Short web captions:
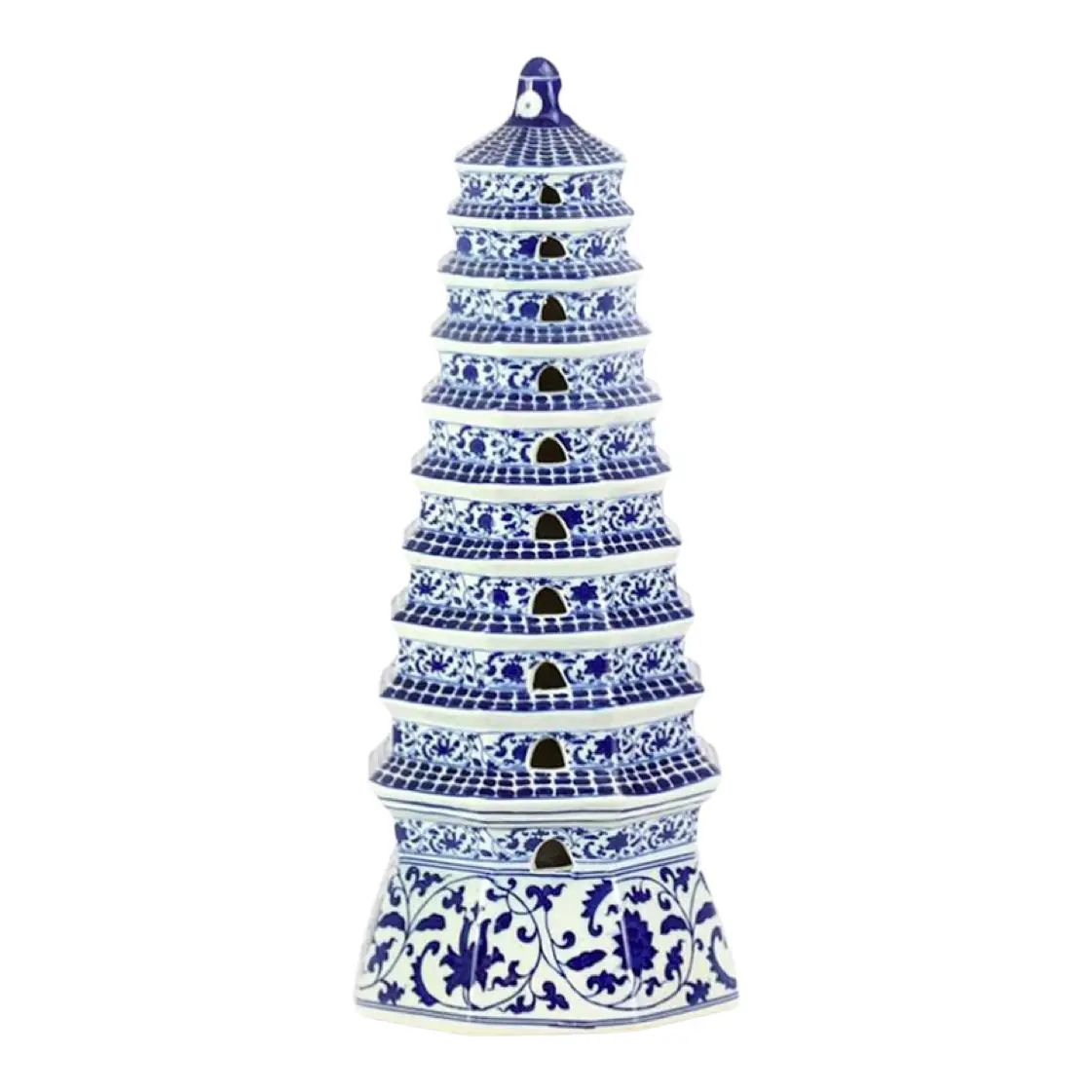 Blue and White Pagoda, Midsize | Chairish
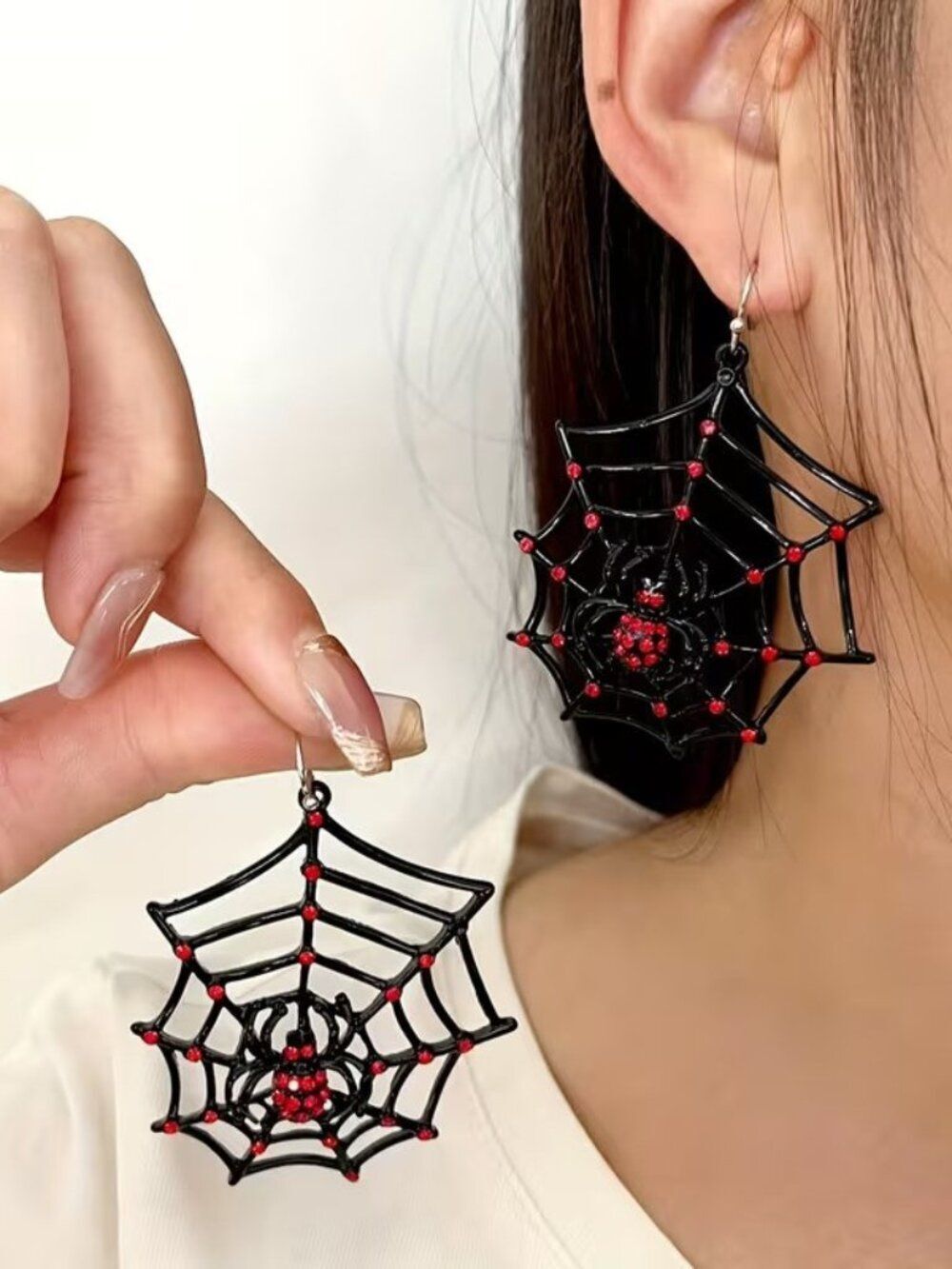Pair of Halloween Dark Gothic Inlaid Red & Black Spider Web Earrings
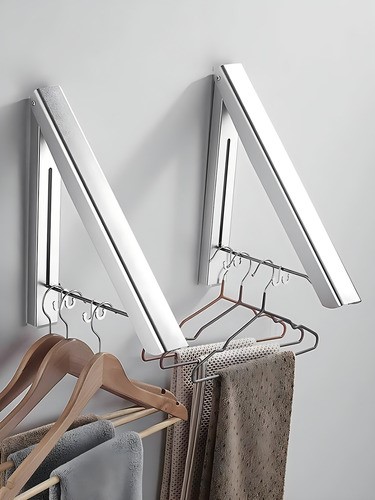 Ganchos Para Ropa Plegable En Pared Y 80cm Metal Barra BLANCO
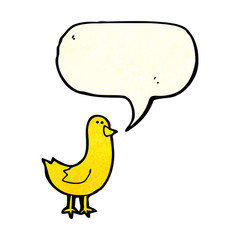 cartoon bird with speech bubble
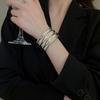 Gold Silver Color Zinc Zinc Alloy Cuff Bangles Europe American Style Exaggerated Bracelet  Gift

Work required =
The answer must be an exact copy of the lines from the one containing "Pair of Halloween Dark" through the last line of the records, and nothing else. Pictures do not belong in it.

Written response =
Pair of Halloween Dark Gothic Inlaid Red & Black Spider Web Earrings
 Ganchos Para Ropa Plegable En Pared Y 80cm Metal Barra BLANCO
 cartoon bird with speech bubble
 Gold Silver Color Zinc Zinc Alloy Cuff Bangles Europe American Style Exaggerated Bracelet  Gift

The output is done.